● **Task**
Please keep the pictures out and write out exactly the lines from the first in the data below through the one containing "Antique English Stained", both included.

Items from a dataset:
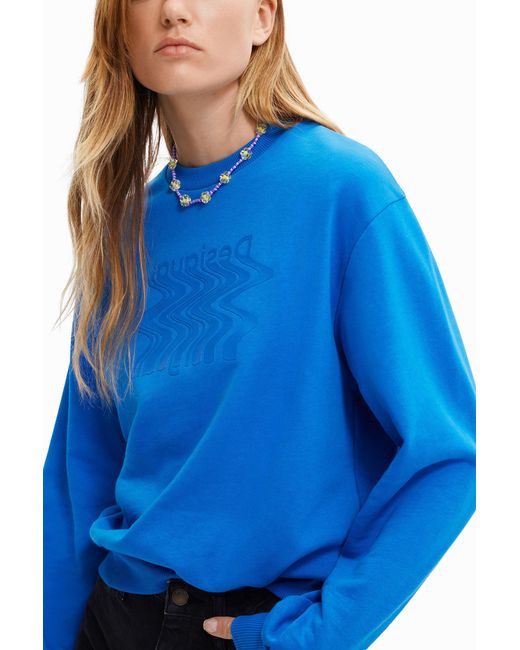 Desigual Blue Logo Sweatshirt, Cotton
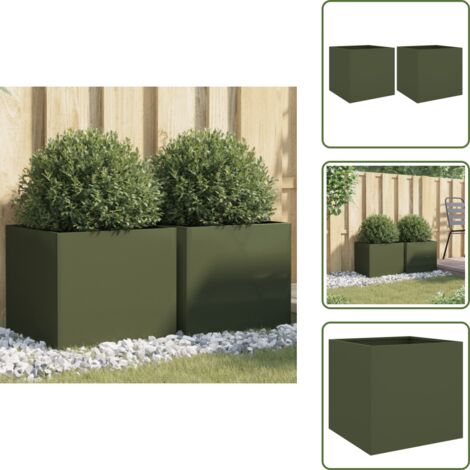 Fioriere per patio - vidaXL Fioriere 2 pz Verde Oliva 42x40x39 cm in Acciaio - Fioriere per decorazione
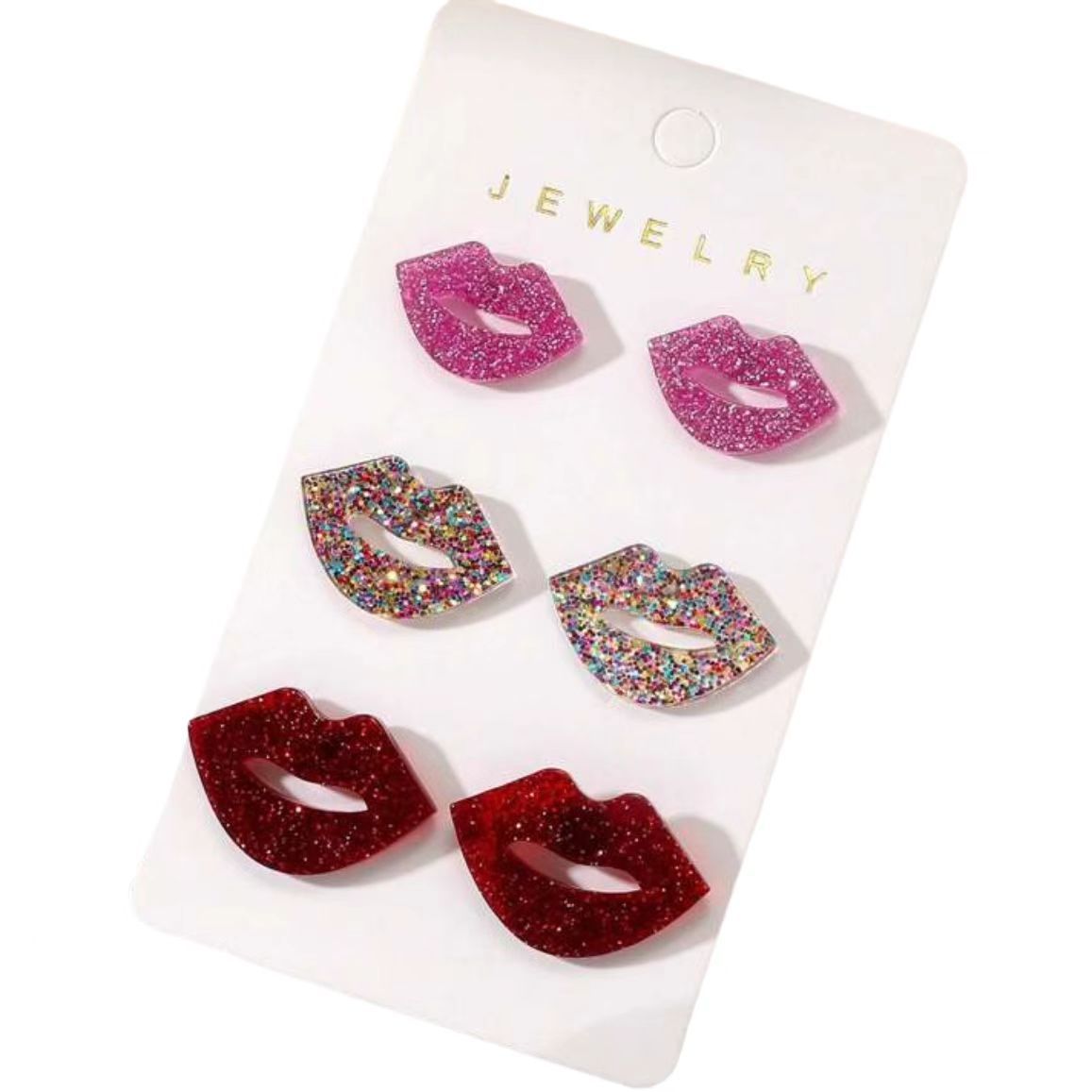 Wholesale Red Sequined Red Lip Acrylic Earrings Female Jewelry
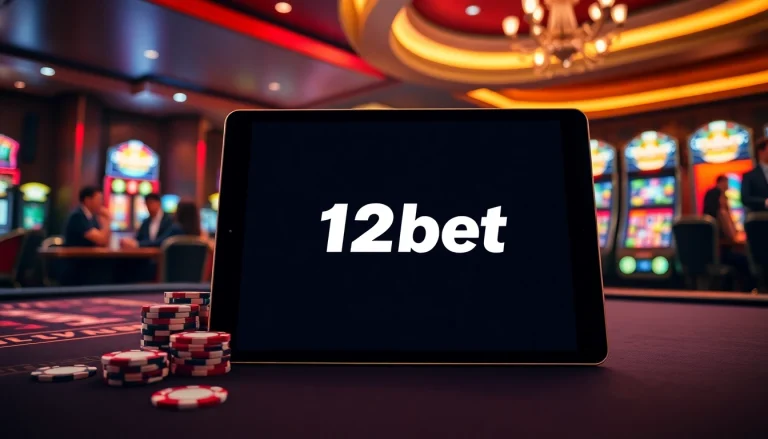 Engaging in online play at 12bet with a vibrant casino setup featuring roulette and slots.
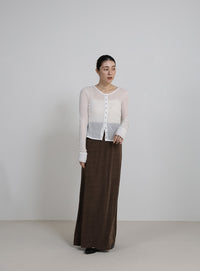 【サイズ展開あり】シャイニーストレッチナローロングスカート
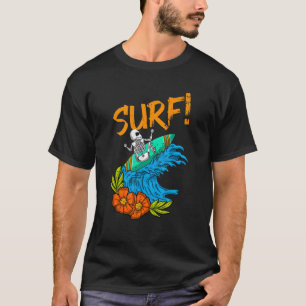 Skeleton Surfer Vintag Hawaii Waves Surfen T-Shirt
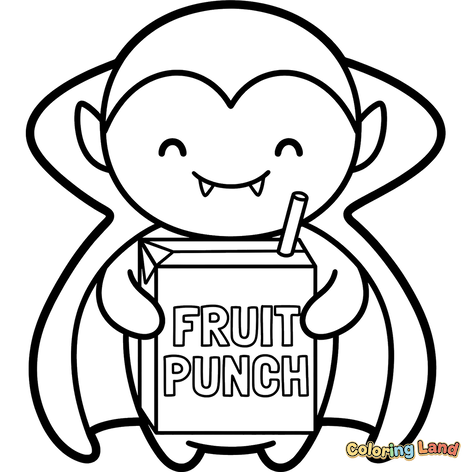 Happy Vampire with Fruit Punch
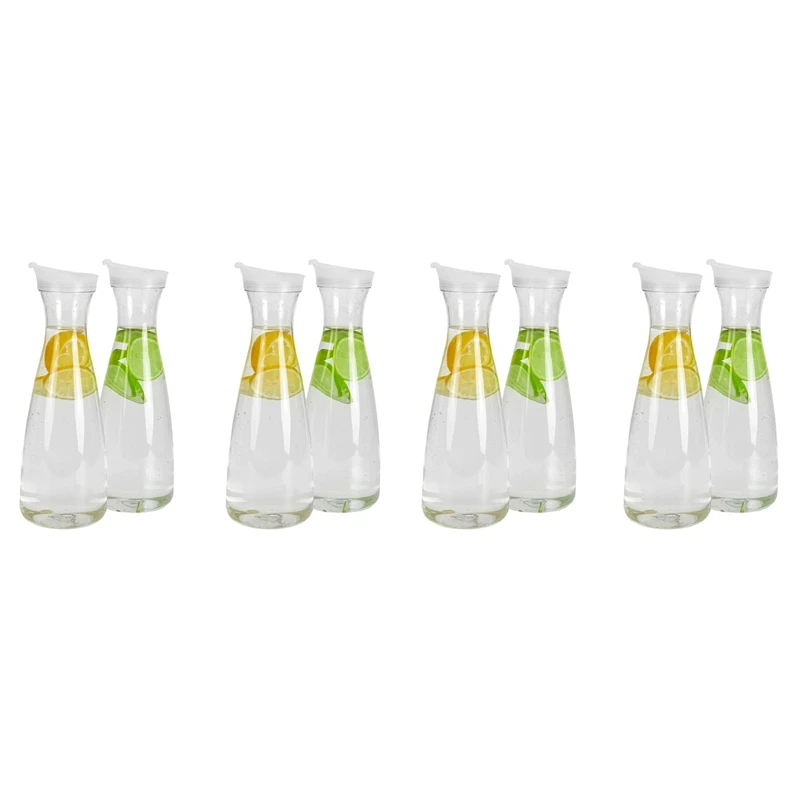 

8Pcs 1L Plastic Water Carafes With White Flip Tab Lids- Food Grade & Recyclable Shatterproof Pitchers - Juice Jar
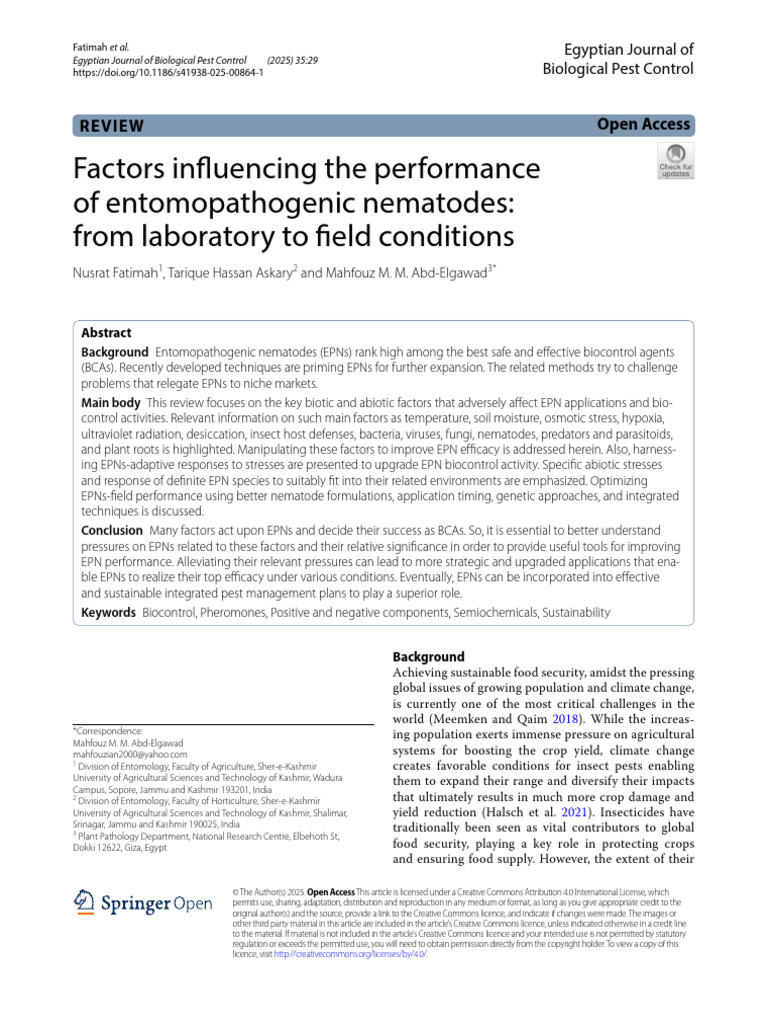 Enhancing EPN Performance in Biocontrol | PDF | Immune System | Immune ...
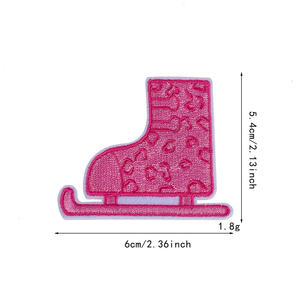 Prezzo all'ingrosso grazioso tessuto di feltro materiale bullone sorriso farfalla fuoco Cowboy Design ferro su ricamo rosa toppe rosa - Product Image 5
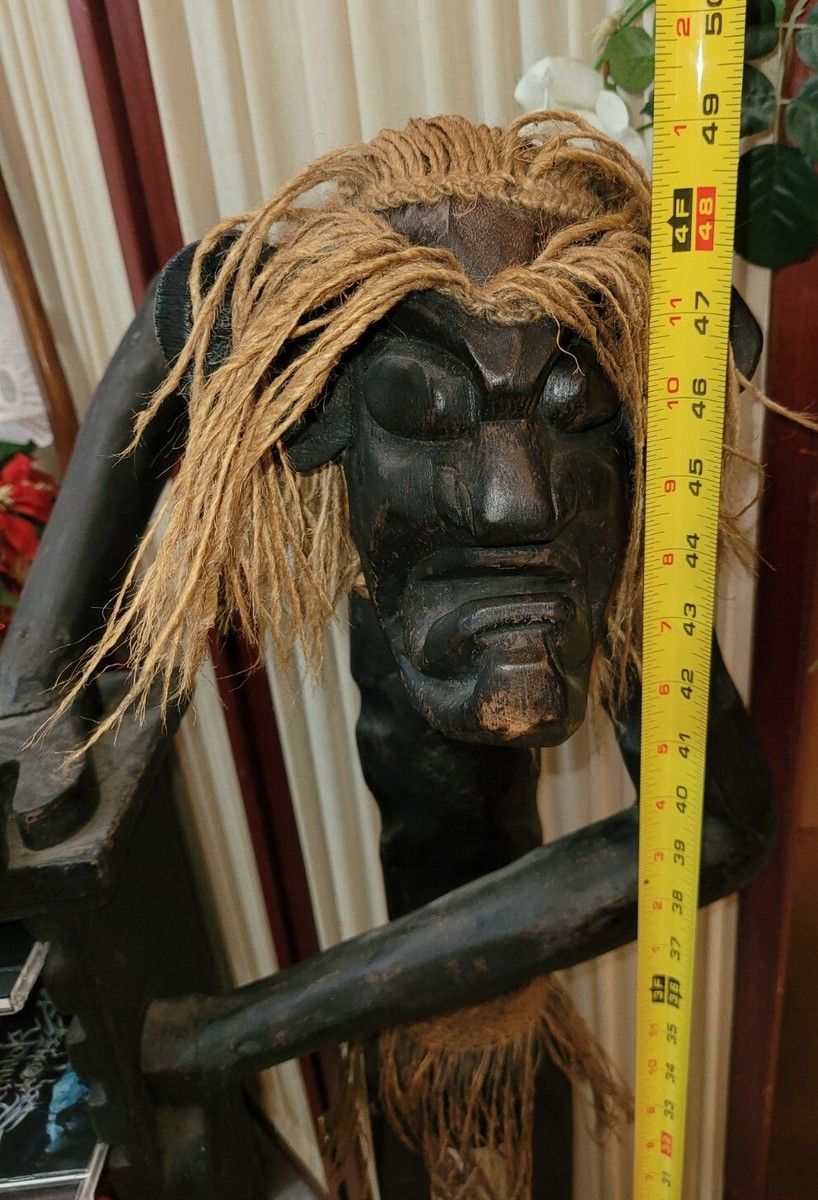 新品‼️売り切れ‼️SOMABITO✨WOODEN TENBAN TRIVAL 黒 Vintage Wooden Zombie Voodoo Tribal Hand Carved Wooden CD Rack
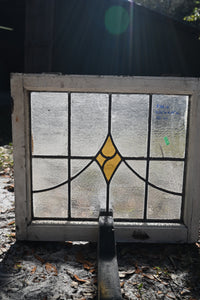 Antique English Stained Glass in Original Frame - The Barn Antiques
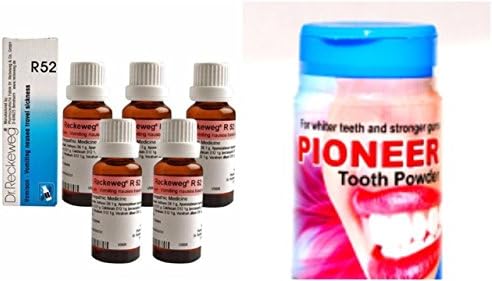 Bhargava Dr Reckeweg Germany R52 Vomiting, Nausea and Travel Sickness Drops 22ML Pack of 2 with Free Pioneer Tooth Powder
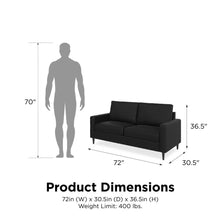 Load image into Gallery viewer, Queer Eye Wainwright Modern Sofa, Small Space Living Room Furniture, Black Faux Leather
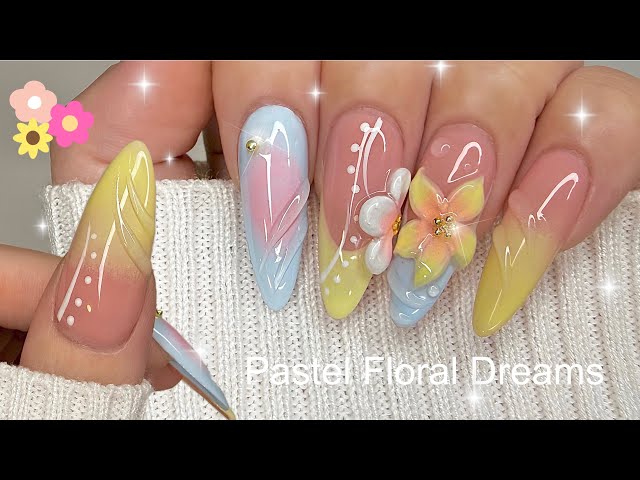 Flores suaves de primavera 🌼 | Tutorial de uñas Gel-X | Paso a paso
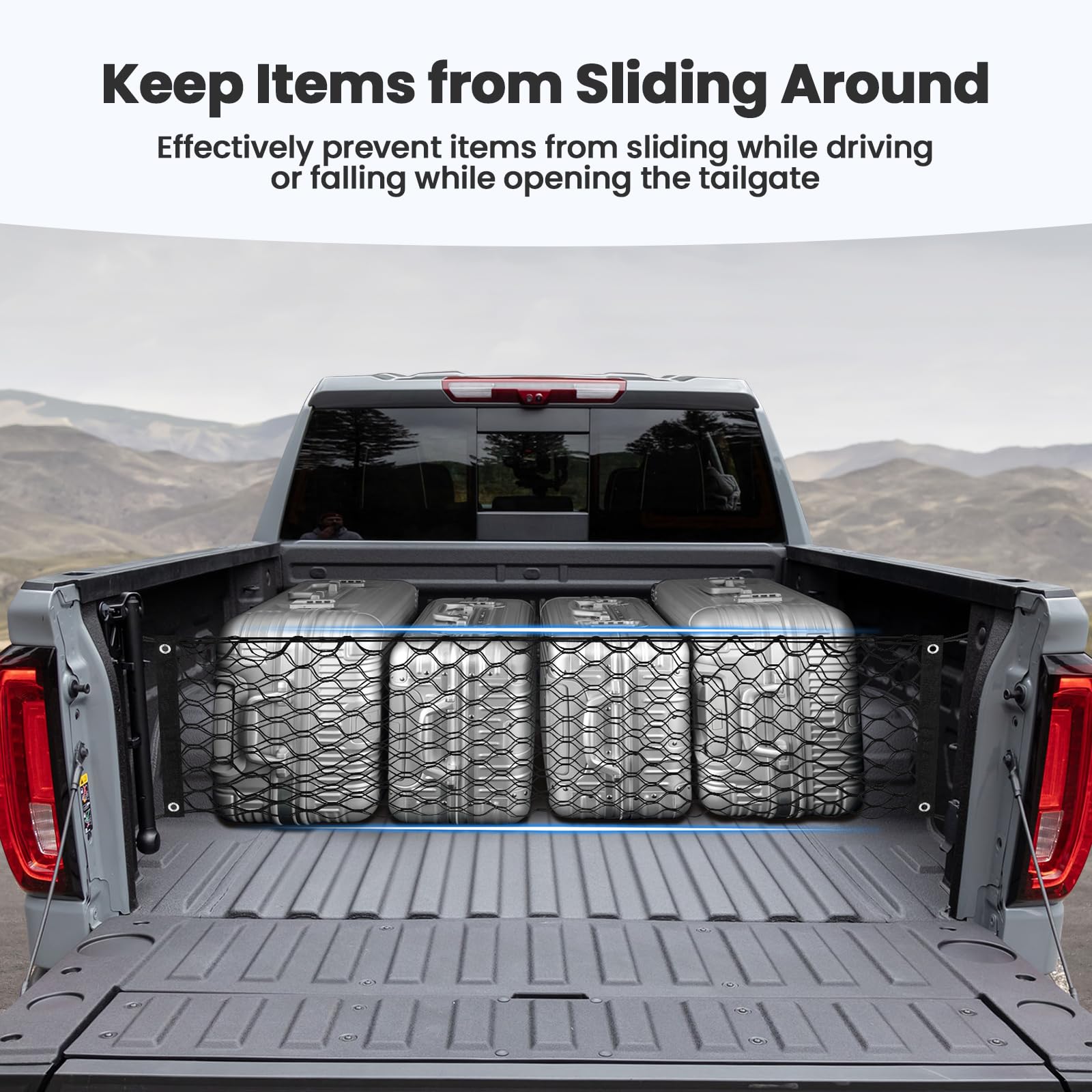 Canvcle Truck Bed Cargo Net for 2013-2025 GMC Sierra/Chevy Silverado 1500 2500 3500 Accessories Envelope Style Mesh Trunk Net Or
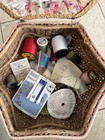 C Z   C Vintage Woven Wicker Sewing Basket West Germany Pink Floral Silk Lining
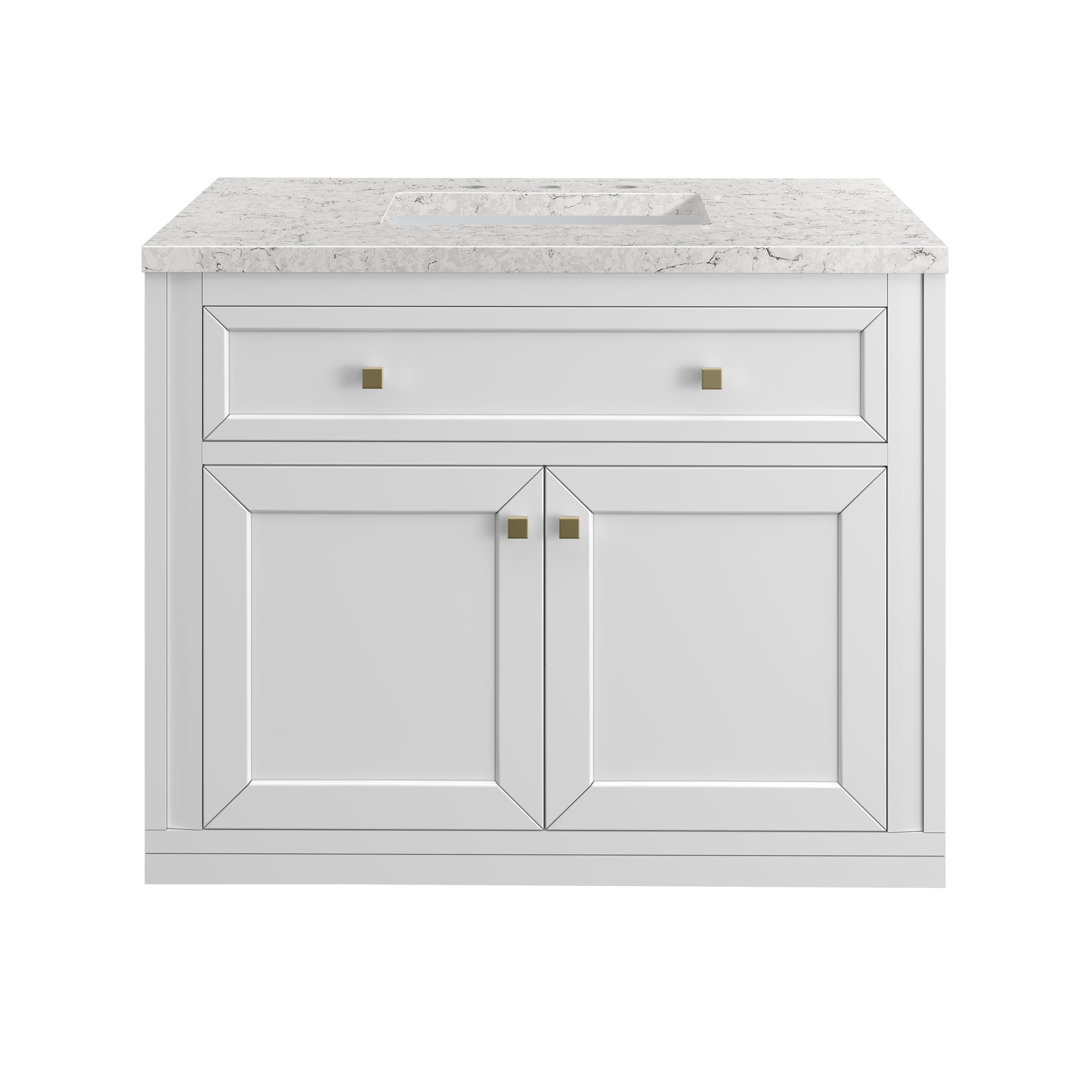 James Martin Chicago 36" Single Vanity in Glossy White with 3cm Countertop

● **Your response**
 Desigual Blue Logo Sweatshirt, Cotton
 Fioriere per patio - vidaXL Fioriere 2 pz Verde Oliva 42x40x39 cm in Acciaio - Fioriere per decorazione
 Wholesale Red Sequined Red Lip Acrylic Earrings Female Jewelry
 Engaging in online play at 12bet with a vibrant casino setup featuring roulette and slots.
 【サイズ展開あり】シャイニーストレッチナローロングスカート
 Skeleton Surfer Vintag Hawaii Waves Surfen T-Shirt
 Happy Vampire with Fruit Punch

8Pcs 1L Plastic Water Carafes With White Flip Tab Lids- Food Grade & Recyclable Shatterproof Pitchers - Juice Jar
 Enhancing EPN Performance in Biocontrol | PDF | Immune System | Immune ...
 Prezzo all'ingrosso grazioso tessuto di feltro materiale bullone sorriso farfalla fuoco Cowboy Design ferro su ricamo rosa toppe rosa - Product Image 5
 新品‼️売り切れ‼️SOMABITO✨WOODEN TENBAN TRIVAL 黒 Vintage Wooden Zombie Voodoo Tribal Hand Carved Wooden CD Rack
 Antique English Stained Glass in Original Frame - The Barn Antiques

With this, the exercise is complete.